Oracle faced off with SAP in an Oakland, Calif., court on Monday in a hearing to determine the amount of damages the former is owed over its claim that SAP stole its software.
Oracle reportedly wants US$2.3 billion dollars, while SAP is seeking to pare down the sum to within the range of tens of millions of dollars.
The hearing is expected to continue until the end of the month, following which a jury will deliberate on the evidence.
Oracle filed the lawsuit in March of 2007 after allegedly discovering that SAP subsidiary TomorrowNow, which provided third-party support for Oracle applications including software from JD Edwards and PeopleSoft, had been illegally accessing its support tools.
Roughly eight months later, SAP admitted TomorrowNow was in the wrong, closed down that subsidiary and offered compensation, but Oracle pressed on with its lawsuit.
Oracle is now seeking to have Leo Apotheker, who was appointed co-CEO of SAP after the TomorrowNow suit was filed, summoned as a witness. Apotheker, who left SAP under a cloud, is now CEO of HP.
All the Legal Furies Seize You
Monday reportedly saw jury selection; opening arguments in the damages hearing for the SAP-Oracle lawsuit will be made tomorrow.
SAP has repeatedly attempted to settle the suit, which it said is draining its coffers, but Oracle has refused.
In a bid to shorten the length of the trial, SAP has reportedly told the court that it won’t be contesting Oracle’s claims that it was aware of TomorrowNow’s copyright infringement, although it had strongly contested these charges previously.
However, SAP did not admit any liability. Does this mean Oracle may have a smoking gun? Or is SAP just trying to speed up the hearing?

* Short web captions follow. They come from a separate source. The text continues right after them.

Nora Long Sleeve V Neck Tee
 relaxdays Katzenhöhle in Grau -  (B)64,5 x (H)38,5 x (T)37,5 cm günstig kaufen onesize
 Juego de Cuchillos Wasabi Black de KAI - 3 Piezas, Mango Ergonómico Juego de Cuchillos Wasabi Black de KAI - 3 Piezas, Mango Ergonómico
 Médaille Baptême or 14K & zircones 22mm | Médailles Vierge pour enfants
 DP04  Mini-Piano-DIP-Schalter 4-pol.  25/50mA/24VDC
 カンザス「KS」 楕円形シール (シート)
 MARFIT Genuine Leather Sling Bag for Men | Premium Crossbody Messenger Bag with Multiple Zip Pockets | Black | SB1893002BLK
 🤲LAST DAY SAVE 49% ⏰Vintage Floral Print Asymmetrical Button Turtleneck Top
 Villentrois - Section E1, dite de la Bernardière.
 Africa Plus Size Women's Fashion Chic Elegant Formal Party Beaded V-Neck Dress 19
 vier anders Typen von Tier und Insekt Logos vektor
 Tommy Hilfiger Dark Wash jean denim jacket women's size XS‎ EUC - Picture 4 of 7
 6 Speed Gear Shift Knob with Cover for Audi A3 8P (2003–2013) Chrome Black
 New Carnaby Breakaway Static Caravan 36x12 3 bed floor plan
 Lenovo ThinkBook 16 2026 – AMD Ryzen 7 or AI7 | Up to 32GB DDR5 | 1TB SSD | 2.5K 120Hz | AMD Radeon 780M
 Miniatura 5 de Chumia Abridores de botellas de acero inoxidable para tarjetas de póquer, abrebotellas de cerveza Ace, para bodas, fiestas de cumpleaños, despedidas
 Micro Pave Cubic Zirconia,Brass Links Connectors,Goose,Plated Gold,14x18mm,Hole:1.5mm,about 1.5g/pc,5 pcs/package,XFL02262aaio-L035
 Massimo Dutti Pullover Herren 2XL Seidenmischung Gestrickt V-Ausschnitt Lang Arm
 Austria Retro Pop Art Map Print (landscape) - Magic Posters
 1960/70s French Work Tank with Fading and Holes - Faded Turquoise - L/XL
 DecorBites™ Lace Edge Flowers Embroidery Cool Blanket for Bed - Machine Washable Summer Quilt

“By accepting responsibility for TomorrowNow’s actions, SAP took a decisive move to focus the issues in the case,” SAP spokesperson Saswato Das told CRM Buyer.
“We acknowledged three years ago that TomorrowNow made mistakes, and we took direct action to address Oracle’s concerns, including shutting down the company two years ago. SAP is committed to compensating Oracle for the harm the limited operations of TomorrowNow actually caused. That compensation must be reasonable, and it must be tethered to reality and the law,” he added.
“SAP’s trying to contain the costs of the lawsuit by focusing on the judgment amount,” Rob Enderle, principal analyst at the Enderle Group, said. “That is where it can make its strongest argument, rather than on the intellectual property issue, which it can’t defend successfully against.”
Shoulda, Coulda, but Not a Cheater
SAP maintains it wasn’t involved in TomorrowNow’s service operations and didn’t engage in any of the copyright breaches or downloading alleged in Oracle’s complaint, and on that point Oracle agrees, said Das.
Oracle told the court that liability for contributory copyright infringement doesn’t require that SAP actually knew about the infringement, Das said. The court agreed and said such infringement could be proved by simply showing that SAP should have known of the infringement, and that the company failed to stop it.
“We do not contest that SAP could have and should have known about the mistakes of TomorrowNow,” Das said. “This move was designed to further simplify this case, focus it more narrowly on the damages, and eliminate the need for testimony on this issue since it has no impact on damages,” he added.
This has shortened the overall trial, Das remarked.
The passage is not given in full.